Un LLM opère à tous les niveaux simultanément. Il peut parler de stratégie produit, d’architecture système, de détails d’implémentation, de code machine. C’est l’avantage : comme le rappelle Snyder en citant la construction de l’Empire State Building, les meilleurs projets sont ceux où les équipes travaillant à différents niveaux communiquent entre elles. L’LLM le fait tout seul, sans avoir besoin de programmer des réunions.
Le prix de la verticalité.
La verticalité coûte la reproductibilité. Un compilateur donne la même sortie pour la même entrée, toujours. Un LLM non, et jouer avec une température à zéro ou des seeds fixes ne change rien à la nature de quelque chose qui prend des décisions sous-spécifiées. Quand tu demandes « écris-moi un serveur DNS distribué », il y a mille décisions implicites que le modèle doit prendre, et il les prendra de façon légèrement différente à chaque fois.
Snyder l’illustre avec un cas réel. Son équipe (exe.dev) avait un problème de latence DNS : les serveurs démarraient si vite que la propagation DNS devenait le goulot d’étranglement. Ils ont écrit un serveur DNS personnalisé, puis ont ajouté des régions, et le DNS est redevenu le problème. La solution était un serveur DNS géographiquement distribué et cohérent. Au lieu de le construire manuellement niveau par niveau, ils ont utilisé Claude pour la recherche sur les designs distribués, les bizarreries du protocole DNS, les alternatives d’implémentation, jusqu’au code. Le modèle a travaillé à travers toute la stack en une seule session.

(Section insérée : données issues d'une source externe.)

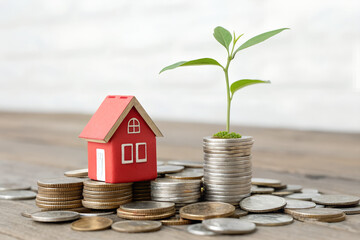 A conceptual image showing a small red house model placed on stacked coins with a green sprouting plant on top ,symbolizing financial growth,savings, home investment  and sustainability 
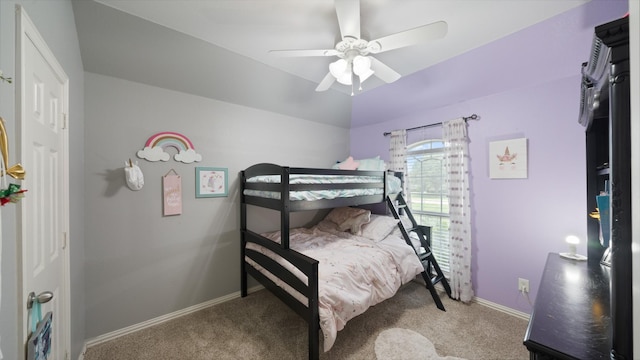 bedroom with ceiling fan and carpet floors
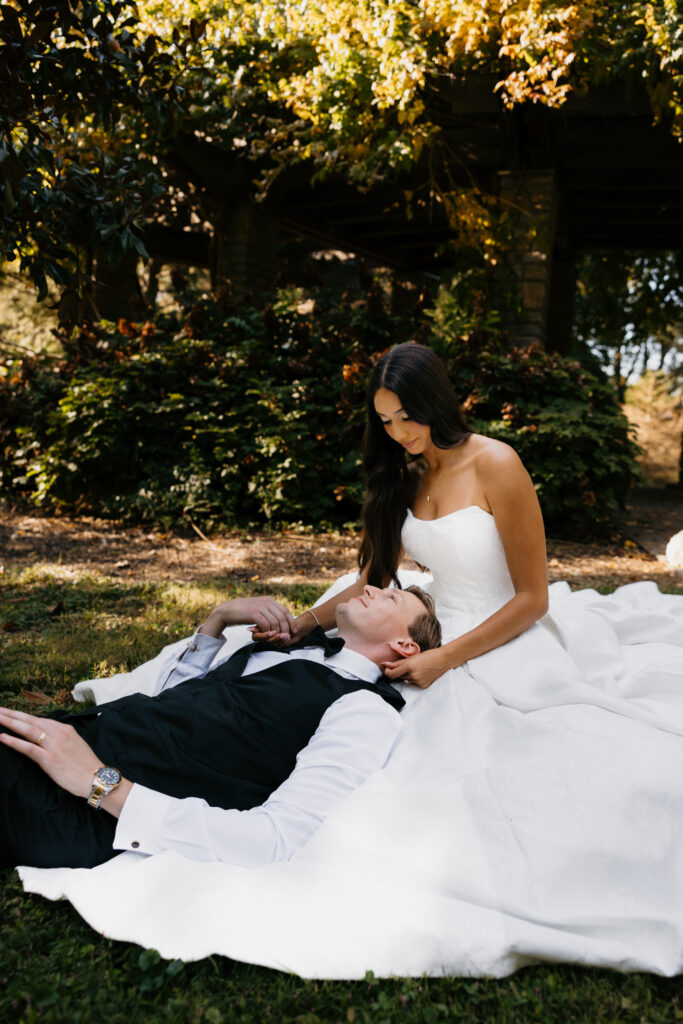 groom laying on bride lap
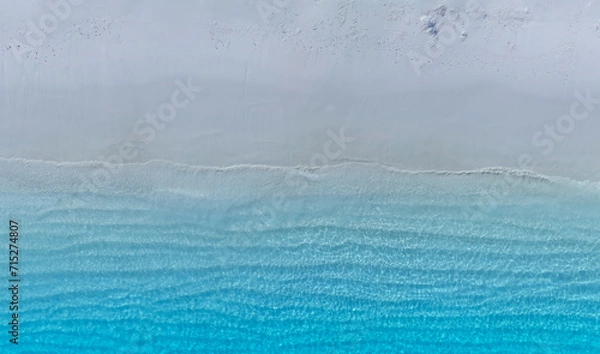 Fototapeta The soft wave water of the sea on the sandy beach background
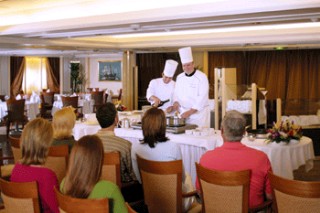 Photo of an onboard cooking demonstration goes here.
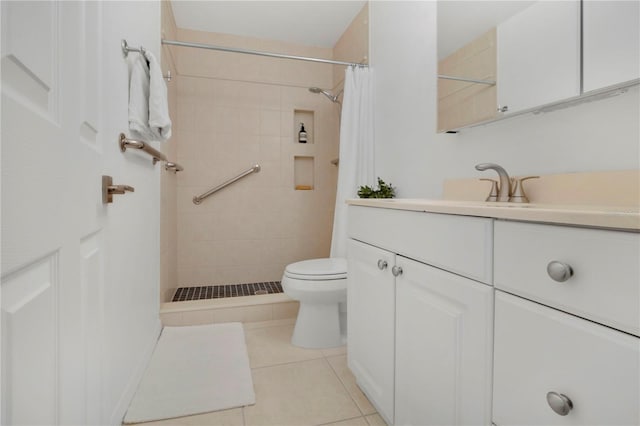 700 Melrose Ave Unit L-23, Winter Park, FL 32789 - full bathroom with a tile shower, toilet, tile patterned flooring, and vanity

Ce que cela signifie pour ceux qui construisent.
Si tu mets des agents en production, l’implication est double. Première : arrête de t’attendre à ce que le même prompt produise la même sortie. C’est la nature de l’outil. Deuxième : conçois la vérification, non la reproductibilité. Comme trois papers convergents l’ont montré le 20 juillet, la qualité d’un système agentic dépend de comment tu circuits les contrôles, non de la prévisibilité du modèle.
Snyder ne présente pas un paper avec des données, mais une expérience. La limite est là : c’est quelqu’un qui raconte sa pratique, avec un échantillon de un. Le point conceptuel cependant est solide et converge avec ce que le domaine apprend sur ses propres erreurs : traiter les LLM comme des compilateurs mène à la frustration, les traiter comme des décideurs cross-layer mène à des résultats qu’un compilateur ne pourrait pas produire.